The problem = Only one stretch of the records below should be repeated. It starts with the line containing "природа, лес, простор" and goes on through the line containing "чайно-гибридная в Москве", exactly as written.

Provided data =
-- -- --

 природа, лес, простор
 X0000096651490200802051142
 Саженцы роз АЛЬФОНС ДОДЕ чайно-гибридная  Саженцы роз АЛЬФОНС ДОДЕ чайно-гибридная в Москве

-- -- --

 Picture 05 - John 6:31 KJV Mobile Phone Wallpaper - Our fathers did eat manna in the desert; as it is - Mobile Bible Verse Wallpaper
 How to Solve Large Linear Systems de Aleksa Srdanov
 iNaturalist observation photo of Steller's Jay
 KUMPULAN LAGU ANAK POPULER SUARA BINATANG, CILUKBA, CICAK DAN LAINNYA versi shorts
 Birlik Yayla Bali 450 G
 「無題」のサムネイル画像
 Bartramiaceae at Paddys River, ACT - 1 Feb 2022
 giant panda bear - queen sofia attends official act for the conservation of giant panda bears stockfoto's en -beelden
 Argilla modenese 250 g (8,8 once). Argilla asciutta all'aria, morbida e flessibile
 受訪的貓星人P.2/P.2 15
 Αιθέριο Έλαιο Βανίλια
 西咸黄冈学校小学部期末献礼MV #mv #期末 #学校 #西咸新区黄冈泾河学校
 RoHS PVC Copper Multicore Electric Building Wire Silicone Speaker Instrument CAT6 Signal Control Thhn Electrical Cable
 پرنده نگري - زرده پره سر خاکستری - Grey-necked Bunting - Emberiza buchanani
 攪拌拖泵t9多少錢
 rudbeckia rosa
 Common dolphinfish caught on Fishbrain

-- -- --

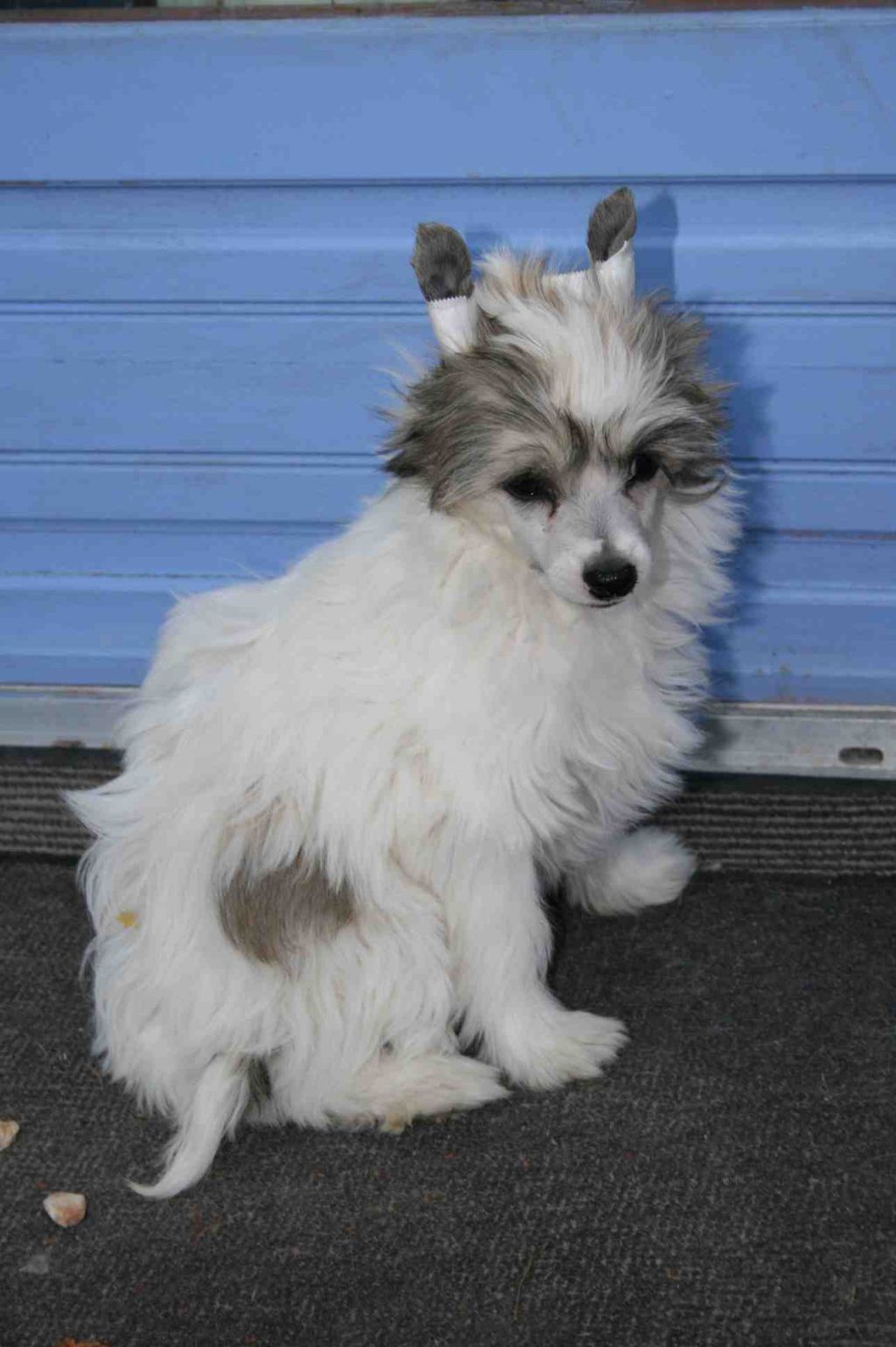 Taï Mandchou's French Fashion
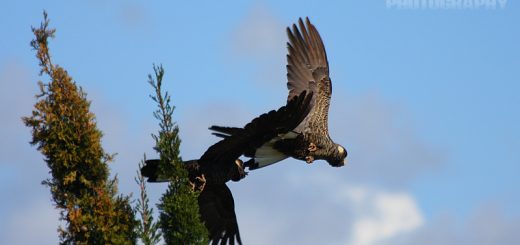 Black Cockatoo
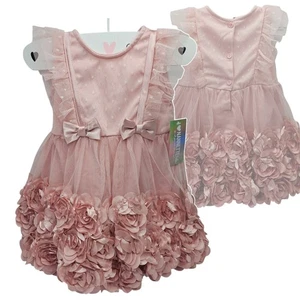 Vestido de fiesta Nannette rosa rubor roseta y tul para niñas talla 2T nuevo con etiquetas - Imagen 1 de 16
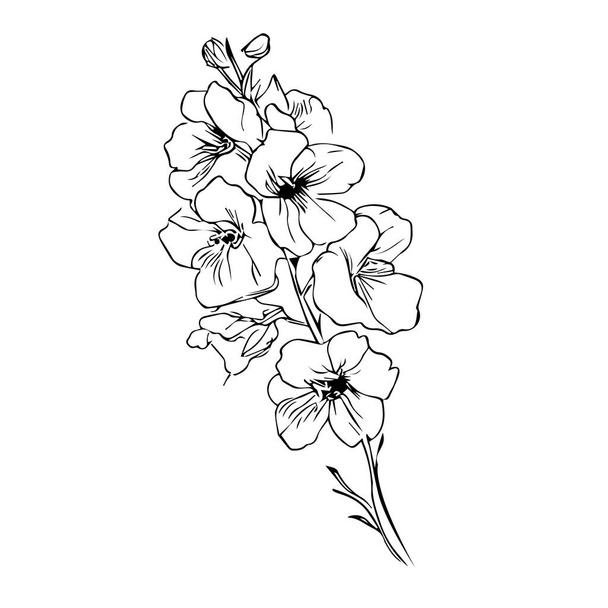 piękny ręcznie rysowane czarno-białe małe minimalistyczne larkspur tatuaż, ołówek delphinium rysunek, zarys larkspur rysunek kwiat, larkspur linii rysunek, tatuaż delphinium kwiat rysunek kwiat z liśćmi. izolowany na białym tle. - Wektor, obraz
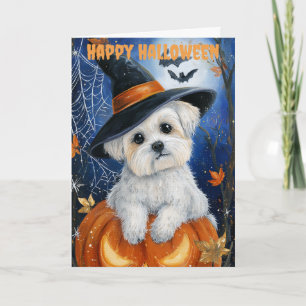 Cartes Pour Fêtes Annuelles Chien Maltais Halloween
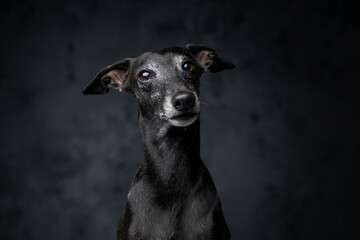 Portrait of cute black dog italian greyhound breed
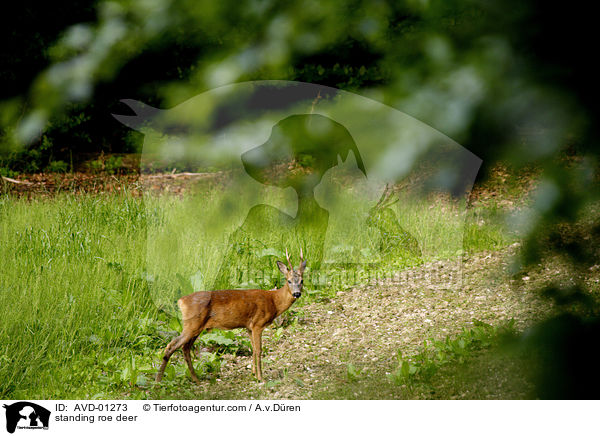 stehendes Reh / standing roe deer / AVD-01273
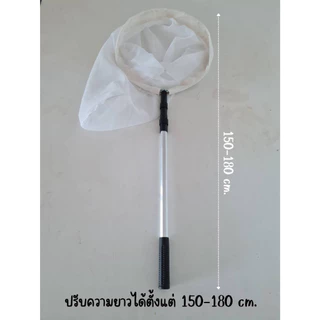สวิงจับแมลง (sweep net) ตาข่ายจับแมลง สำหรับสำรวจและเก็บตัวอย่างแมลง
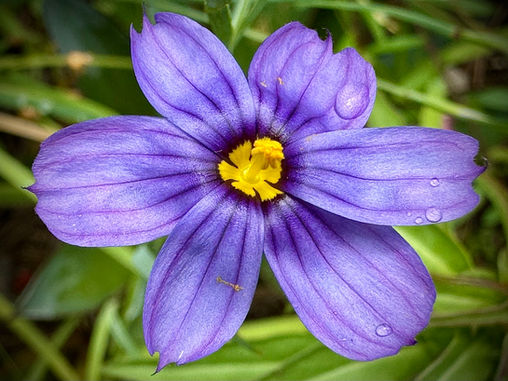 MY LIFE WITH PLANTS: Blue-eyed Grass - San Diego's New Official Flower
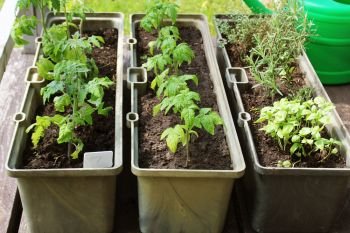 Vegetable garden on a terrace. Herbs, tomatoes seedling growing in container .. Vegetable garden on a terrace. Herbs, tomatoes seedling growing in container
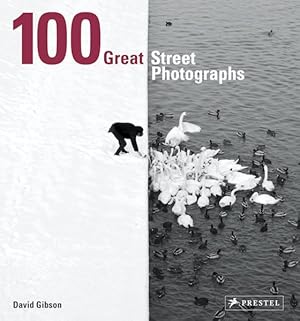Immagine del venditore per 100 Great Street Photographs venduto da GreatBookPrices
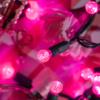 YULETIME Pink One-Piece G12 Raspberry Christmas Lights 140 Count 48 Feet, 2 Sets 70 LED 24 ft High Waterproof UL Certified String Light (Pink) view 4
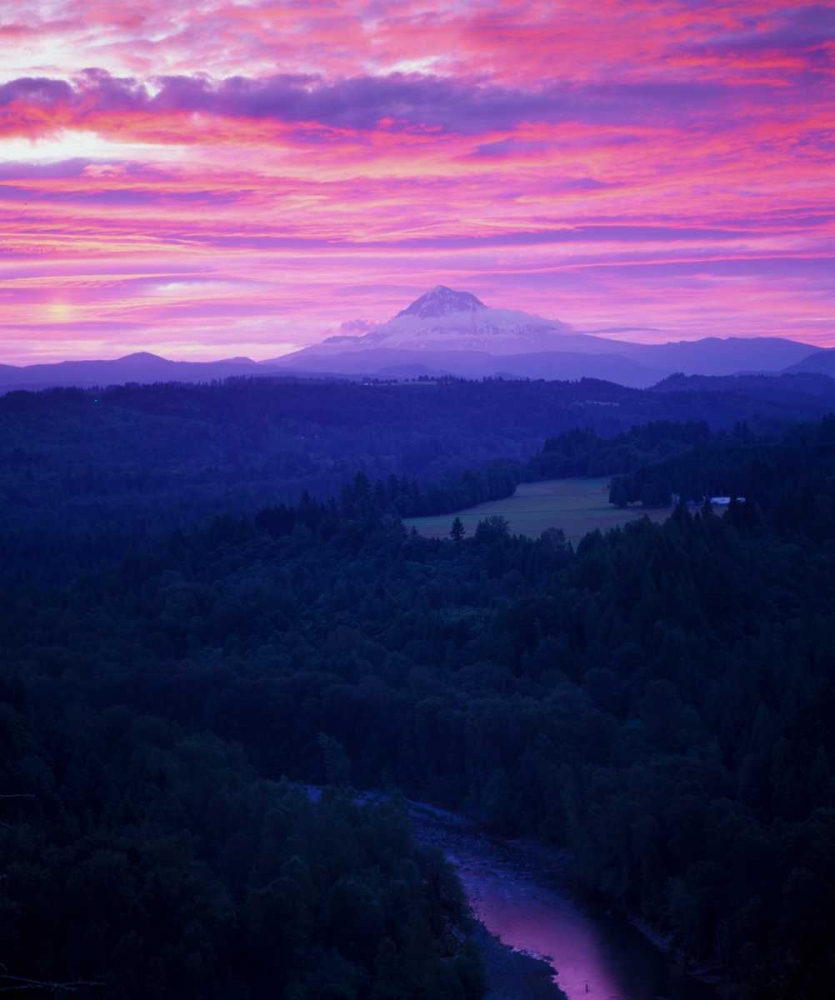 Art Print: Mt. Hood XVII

-- -- --

Task response =
 природа, лес, простор
 X0000096651490200802051142
 Саженцы роз АЛЬФОНС ДОДЕ чайно-гибридная  Саженцы роз АЛЬФОНС ДОДЕ чайно-гибридная в Москве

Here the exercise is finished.